▸ What is needed:
Go through the listing below and retype exactly the lines starting at the one with "ULTRA PRO 130 POINT TOP LOADER 10 COUNT" and ending at the one with "INSPIRE MODEL 1/64", skipping pictures.

*** Records to process ***

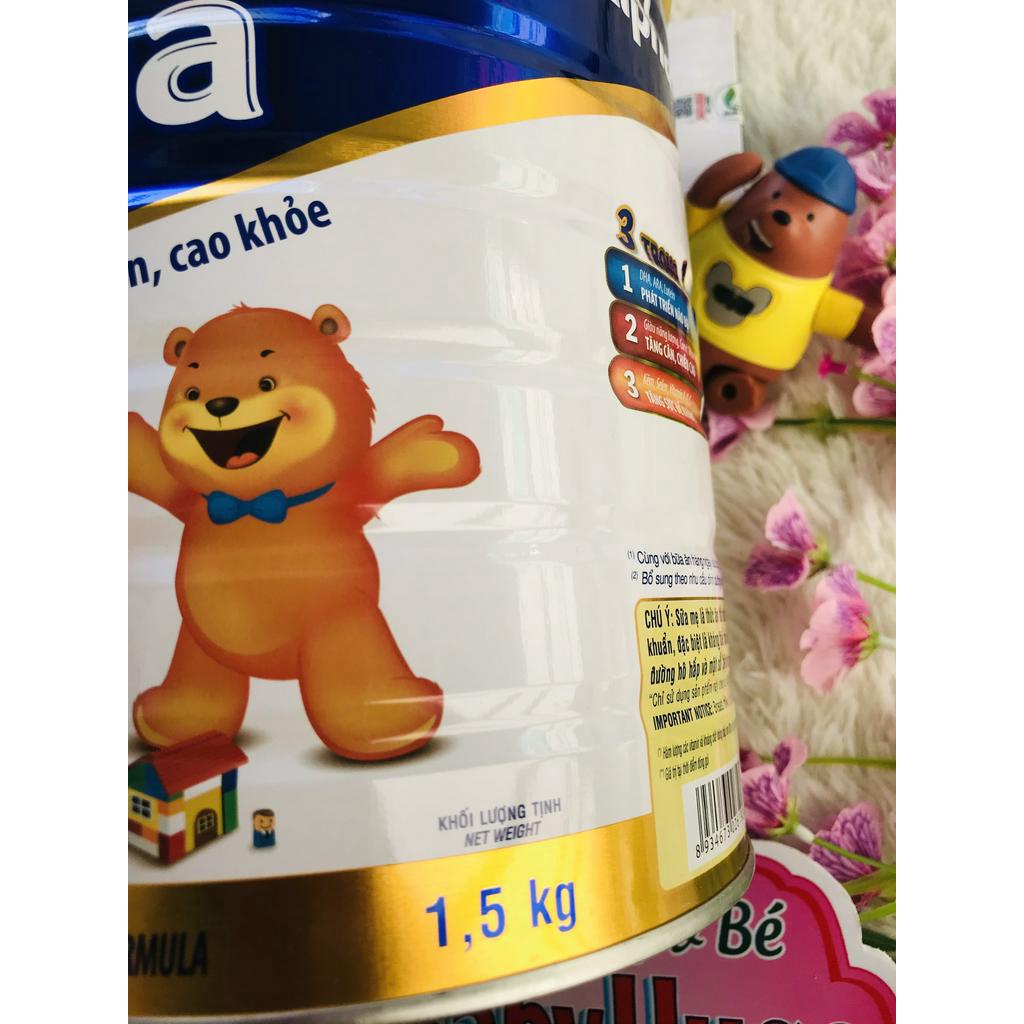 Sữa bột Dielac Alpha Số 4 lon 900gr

*** End of Records to process ***
*** Records to process ***

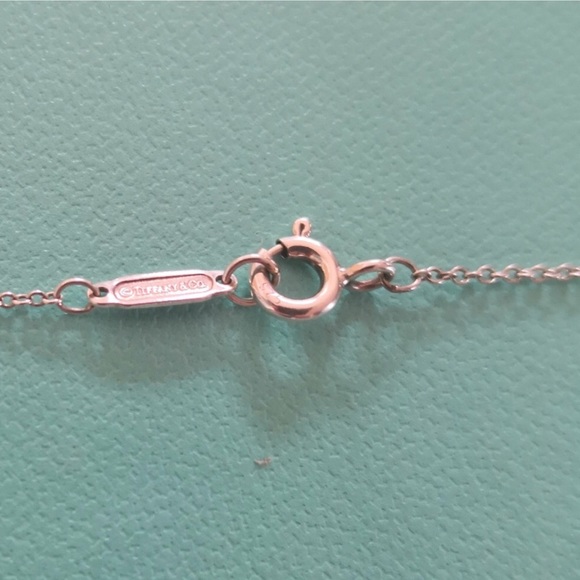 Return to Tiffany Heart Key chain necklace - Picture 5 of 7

*** End of Records to process ***
*** Records to process ***

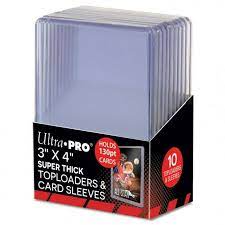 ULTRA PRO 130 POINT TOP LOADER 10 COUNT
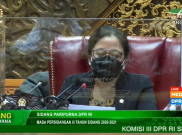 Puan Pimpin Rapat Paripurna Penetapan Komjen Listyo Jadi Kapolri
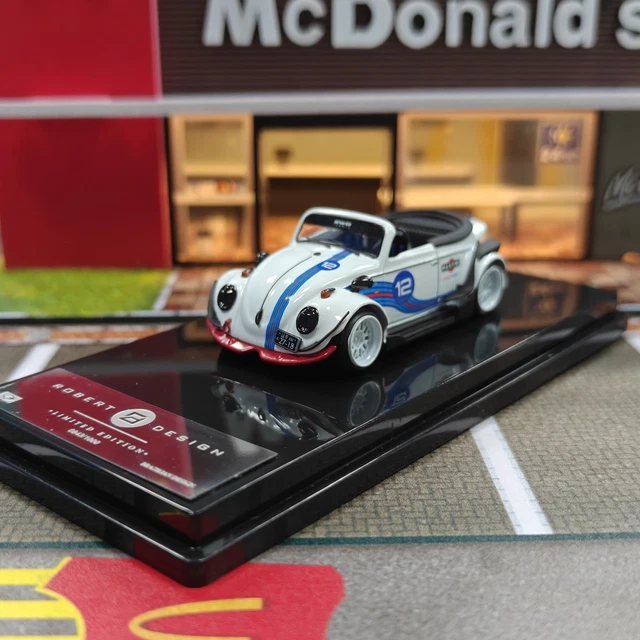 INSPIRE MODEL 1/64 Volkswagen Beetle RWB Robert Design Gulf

*** End of Records to process ***

▸ Exercise solution:
 ULTRA PRO 130 POINT TOP LOADER 10 COUNT
 Puan Pimpin Rapat Paripurna Penetapan Komjen Listyo Jadi Kapolri
 INSPIRE MODEL 1/64 Volkswagen Beetle RWB Robert Design Gulf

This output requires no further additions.